O Coro das Velhas
O Português, como espécie, tem características particulares na dimensão humana. Não vou dizer a típica falácia “isto só em Portugal” que pretende realçar a nossa especificidade perante os outros, mas que em geral, quase sempre, está longe de ser verdade. Isso faz parte, aliás, de algumas dessas características, como a autocrítica exacerbada em relação aos si e aos seus pares e a auto comiseração. Mas há muitas mais.
Há duas semanas, por ocasião da visita de Bill Gates a Portugal, levantou-se um coro de protestos devido à importância que se deu ao evento, e o governo chegou a ser acusado de provinciano e lambe botas. Segundo os protestos, lá por sermos pobres não devíamos andar a beijar as mãos a um tipo com cara de “nerd” só porque ele nos vai oferecer milhões de euros em formação tecnológica e softwares, incluindo alguns projectos piloto inovadores mesmo dentro da Microsoft. Segundo outros, ninguém dá nada a ninguém e o senhor Gates apenas estará a preparar mais uma futura manada de utilizadores dos seus produtos.

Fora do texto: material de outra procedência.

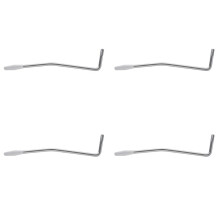 4X Silver 5.0Mm Rocker Tremolo Arm Vibrato Steel Lever for Electric Guitar Instruments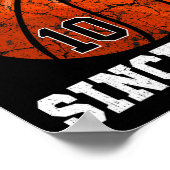 10. Geburtstag Basketball Spieler 10 Jahre alt Vin Poster (Ecke)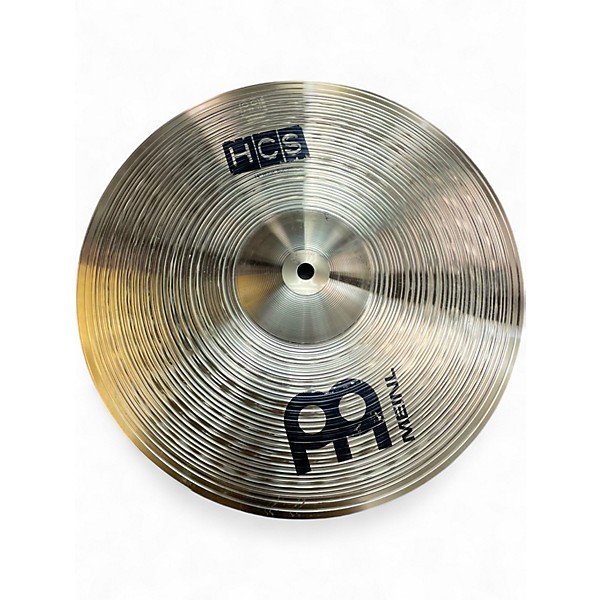 Used MEINL 14in HCS Hi Hat Pair Cymbal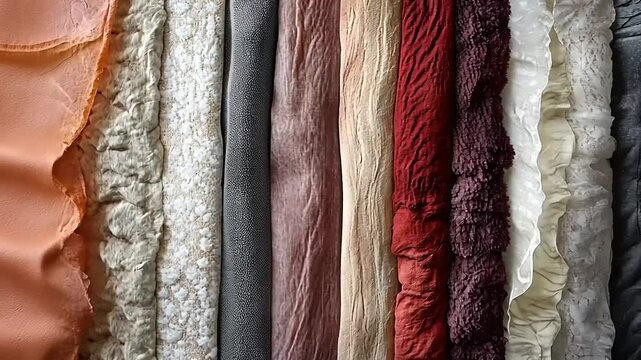 A Colorful Spectrum of Textured Fabrics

Meus amigos, pensemos calma e pragmaticamente no assunto. Não devemos nós tratar bem quem vem investir uns milhões no nosso país, ainda para mais sem contrapartidas directas? Para além de pobres deveremos parecer também mal agradecidos? E acham mesmo que o Bill Gates, o homem mais rico do mundo, vai oferecer cursos e formação aos Portugueses e colaborar com empresas Portuguesas só para vender mais uns Windows daqui a 5 ou 10 anos? Vale mesmo a pena investir isso tudo num universo de uns míseros 10 milhões de pessoas? Não nego que interessa à Microsoft, e a todas as outras empresas de informática e tecnologia, ter o maior número de pessoas e países desenvolvidos e com acesso às tecnologias de informação. Mas daí a achar que o Bill Gates foi um interesseiro ao vir aqui esfregar os milhões na cara dos Portugueses já acho um bocado demais. É claro que são acordos positivos para a Microsoft, que pode eventualmente alargar a mais alguns o seu mercado, mas é também muito positivo para Portugal, que consegue quase de graça formação qualificada e com um líder mundial e de mercado. Se é verdade que poderá interessar à Microsoft o acordo por ganhar mais utilizadores a médio/longo prazo, umas migalhas no entanto para a dimensão da empresa, não é também verdade que interessa a Portugal que a sua mão de obra se qualifique com um produto que lidera o mercado, tornando-os aptos para uma linguagem Microsoft que é largamente maioritária e dominante? De que interessava qualificar todos os Portugueses em Linux ou Unisys se quase nenhuma empresa utiliza esses sistemas?
Em Portugal espera-se sempre o pior de tudo. O mau agoiro paira sempre no ar quando alguém se atreve a ser grande, a pensar grande, a ambicionar mais do que aquilo que tem, e mais do que aquilo que os outros ambicionam. Esse alguém é em geral olhado de soslaio enquanto se sentencia a seu provável falhanço. Enquanto transparece o mau pressentimento, adivinha-se encapotada a inveja pela ousadia, o medo da diferença, medo da mudança. O comodismo da mediocridade e a arrogância dos ignorantes entristece-me. Diz o provérbio “em terra de cegos quem tem olho é rei”, e em Portugal parece que os cegos têm medo daqueles que querem ver, enquanto alguns reis tentam evitar que mais olhos reluzam no meio da cegueira.